In corsia non esistono corsie preferenziali. Tanto meno prime donne. E’ questo il mantra di Corrado Tamburino, 60 anni, direttore del centro di cardiologia interventistica di Catania. Il super cardiologo. “Provengo da un’impostazione vecchio stile e per questo faccio di tutto per risparmiarla a chi lavora con me” ha spiegato al “Corriere della Sera” Tamburino, che ad appena 41 anni è diventato professore ordinario e solo tre anni dopo era primario ma anche il capodipartimento più giovane d’Italia.

Un record di precocità che gli ha posto di fronte una marea di sfide. E in una Sicilia che troppo spesso si consegna all’assalto dei media con storie di mala sanità, esiste la cittadella del cuore, a Catania: fa parte del Cast (Centro alte specialità e trapianti) del Policlinico Universitario. La cardiologia interventistica è una branca specialistica che si occupa di “riparare” con dei cateteri le strutture del cuore danneggiate da malattie alle coronarie o da valvole che non funzionano.

Non è esattamente il lavoro più agevole al mondo. Ma Tamburino ha dalla sua un’esperienza notevole e una pazienza conclamata. E una grande abilità per l’insegnamento: “Metto a disposizione della squadra tutto il mio sapere in modo che imparino presto tutto quello che so fare e alla fine del percorso formativo sappiano operare meglio di me”. La brillante visione di Tamburino non fa prigionieri: da lui ci si afferma secondo il principio della meritocrazia liberale e di una leale competizione.

Non è un caso che dalla cittadella del cuore di Catania numerosi medici – tutti giovanissimi, e sta qui l’esclusività della storia – siano finiti all’estero, pressati dalle richieste.

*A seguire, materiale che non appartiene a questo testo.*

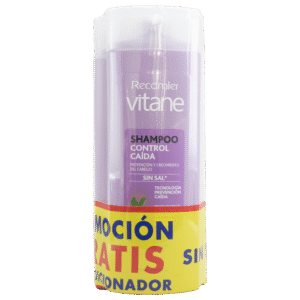 Vitane Shampoo Acción Caída 2+1 Acon Gratis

Dalla Svezia a Vancouver agli Stati Uniti: c’è un pezzo di Sicilia che ci sa fare. Professionalità smodata e metodo che funziona. Merito di un signore di 60 anni che ne ha passate tante, e vede nella passione dei suoi allievi quello che era lui un tempo. Dopo aver formato abbastanza, Tamburino sta già pensando a una “exit strategy” e a una pensione comoda e meritata. Prima, però, va completata l’opera.